🤖 AI Summary
To address the limited interpretability of vision transformers (ViTs) in medical image classification, this paper proposes HierViT—a novel intrinsically interpretable hierarchical vision transformer. HierViT introduces a prototype-driven architecture that embeds domain-specific medical priors and representative image prototypes into a multi-scale feature space, enabling simultaneous prediction and explanation. Its dual-path interpretability mechanism—combining prototype matching with attention heatmaps—ensures semantic alignment with clinical diagnostic reasoning. A prototype memory module and hierarchical feature disentanglement design further support fine-grained, clinically verifiable attribution analysis. Evaluated on the LIDC-IDRI and derm7pt benchmarks, HierViT achieves state-of-the-art (SOTA) performance on the former and SOTA-comparable accuracy on the latter, while substantially enhancing the trustworthiness and clinical acceptability of AI decisions—particularly in high-risk scenarios.
📝 Abstract
Explainability is a highly demanded requirement for applications in high-risk areas such as medicine. Vision Transformers have mainly been limited to attention extraction to provide insight into the model's reasoning. Our approach combines the high performance of Vision Transformers with the introduction of new explainability capabilities. We present HierViT, a Vision Transformer that is inherently interpretable and adapts its reasoning to that of humans. A hierarchical structure is used to process domain-specific features for prediction.

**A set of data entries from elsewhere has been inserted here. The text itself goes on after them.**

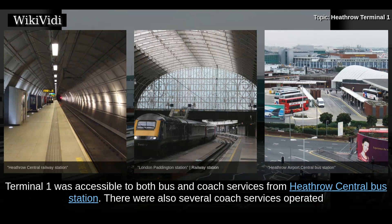Terminal 1 was accessible to both bus and coach services from Heathrow Central Bus Station. There were also several coach services operated.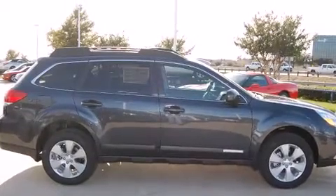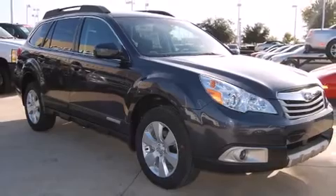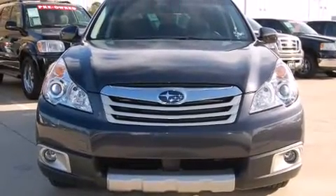All of the premium features expected of a Subaru are offered, including a built-in garage door transmitter, an outside temperature display, and power front seats.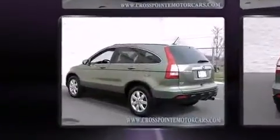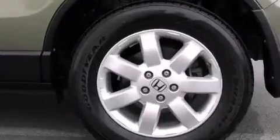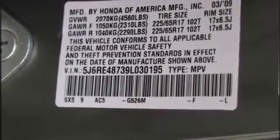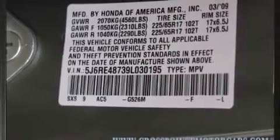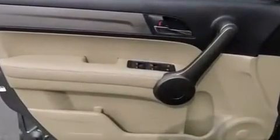Top features include a split folding rear seat, a rear window wiper, a tachometer, power moonroof, heated door mirrors, and power windows. Features such as automatic climate control and leather upholstery prove that economical transportation does not need to be sparsely equipped.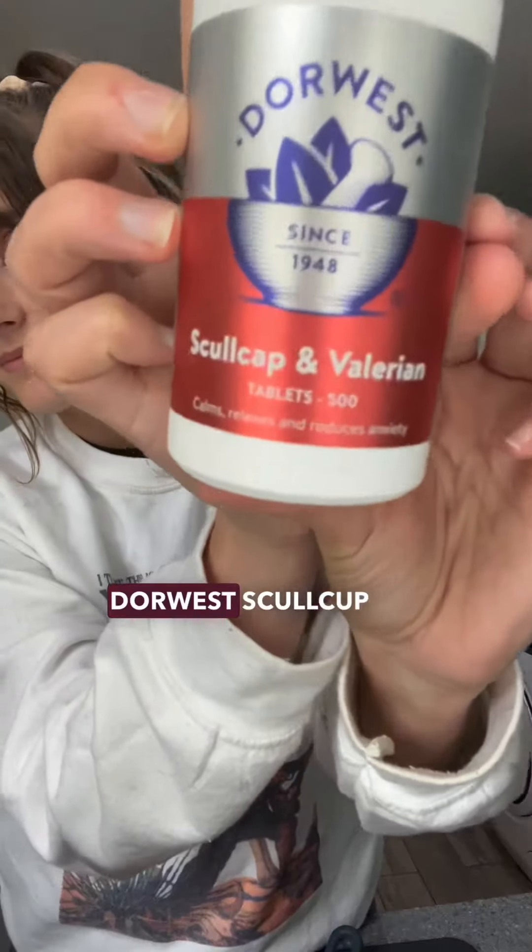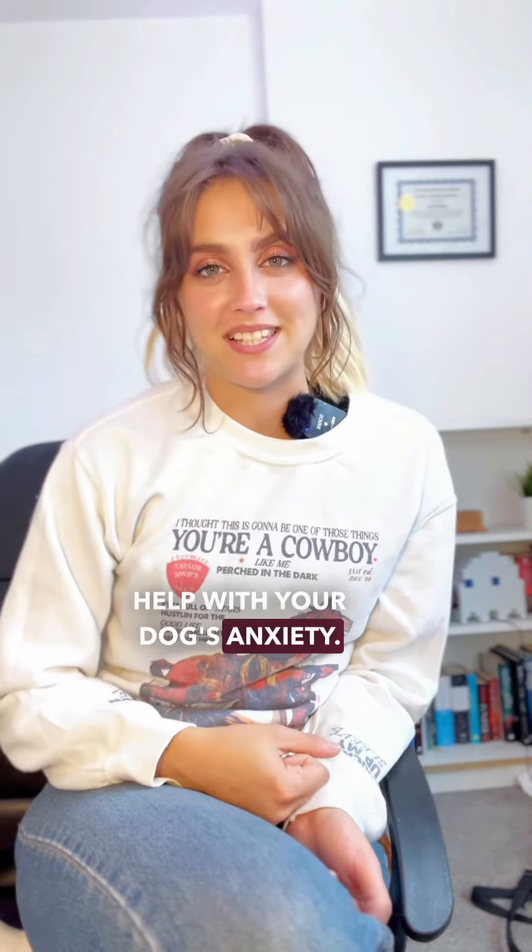In my last video I talked about DoorWest Skull Cup and Valerian tablets, but one thing that's really important with products like this is to pair it with a good solid behavioral training plan. So in this video I wanted to share three things that you can do to help with your dog's anxiety.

It is interpretable by design, as it derives the target output with human-defined features that are visualized by exemplary images (prototypes). By incorporating domain knowledge about these decisive features, the reasoning is semantically similar to human reasoning and therefore intuitive. Moreover, attention heatmaps visualize the crucial regions for identifying each feature, thereby providing HierViT with a versatile tool for validating predictions. Evaluated on two medical benchmark datasets, LIDC-IDRI for lung nodule assessment and derm7pt for skin lesion classification, HierViT achieves superior and comparable prediction accuracy, respectively, while offering explanations that align with human reasoning.